There are different methods for performing RNAi experiments. RNAi can be achieved by transfecting target cells with a pool of synthetic small RNAs or a pool of siRNA obtained via in vitro cleavage (in vitro dicing of target RNA). RNAi can also be achieved by transfecting cells with short hairpin RNA (shRNA) vectors. shRNA is processed within the cell, and the in vivo–generated siRNA can then target its specific mRNA molecule for degradation. Nontargeting controls can be used to test for specificity of the knockdown. 

Principle of siRNA-mediated knockdown of target mRNA

Principle of siRNA-mediated knockdown of target mRNA. The figure shows the use of in vitro–synthesized siRNA in a typical RNAi experiment.  

 

In the example below, Invitrogen Silencer Select siRNAs are transfected into cells in a 96-well format, followed by RT-qPCR. The most efficient knockdown (based on cell type and siRNA transfection conditions) is identified through gene expression analysis. The chosen screen is then scaled up for validation of antibody specificity through western blotting and immunocytochemistry (ICC).

 

SiRNA transfection plan

Schematic of the knockdown strategy used to validate antibody specificity.

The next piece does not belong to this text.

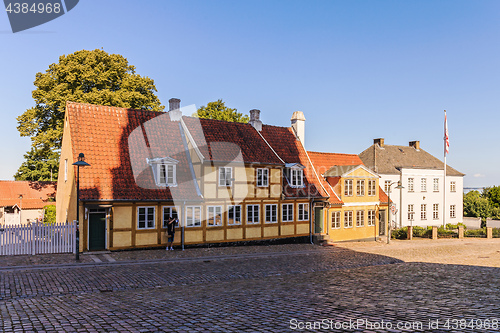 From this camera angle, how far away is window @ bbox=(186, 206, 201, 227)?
24.1 meters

Schematic of the knockdown strategy used to validate antibody specificity.

 

Western blot for antibody validation

Western blot for antibody validation. (A) Western blot showing knockdown of SMAD2 (lane 3) in HeLa whole cell lysates after transfection with SMAD2-targeting siRNA, using Invitrogen SMAD2 ABfinity Rabbit Monoclonal Antibody (Cat. No.700048). The knockdown is shown along with untreated and scrambled RNA as controls in lanes 1 and 2, respectively. Detection of actin was used as a loading control. (B) Relative quantitation of the knockdown of SMAD2 bands on the western blot when compared to the untreated and scrambled siRNA as the positive control. The intensity of each band is normalized using the relative intensities of the actin bands.

Immunocytochemistry for antibody validation

Immunocytochemistry for antibody validation. (A) Western blot showing knockdown of RNF20 in HeLa whole cell lysates after transfection with RNF20-targeting siRNA, using Invitrogen RNF20 ABfinity Rabbit Oligoclonal Antibody (Cat. No. 710911). The knockdown is shown along with untreated and scrambled RNA as specificity controls and GAPDH as loading control. (B, C) Immunocytochemistry images with Invitrogen™ Lipofectamine™ control and siRNA-transfected cells showing knockdown of RNF20. Images were taken at 60x magnification.
 

Verifying target specificity of Invitrogen antibodies using genetically modified samples

Invitrogen antibodies that have been verified against genetically modified samples to bind their target are indicated with a “verified specificity” symbol in search results and on relevant product pages. The data showing the verification will be provided on each product page.


*The use or any variation of the word “validation” refers only to research use antibodies that were subject to functional testing to confirm that the antibody can be used with the research techniques indicated. It does not ensure that the product(s) was validated for clinical or diagnostic uses.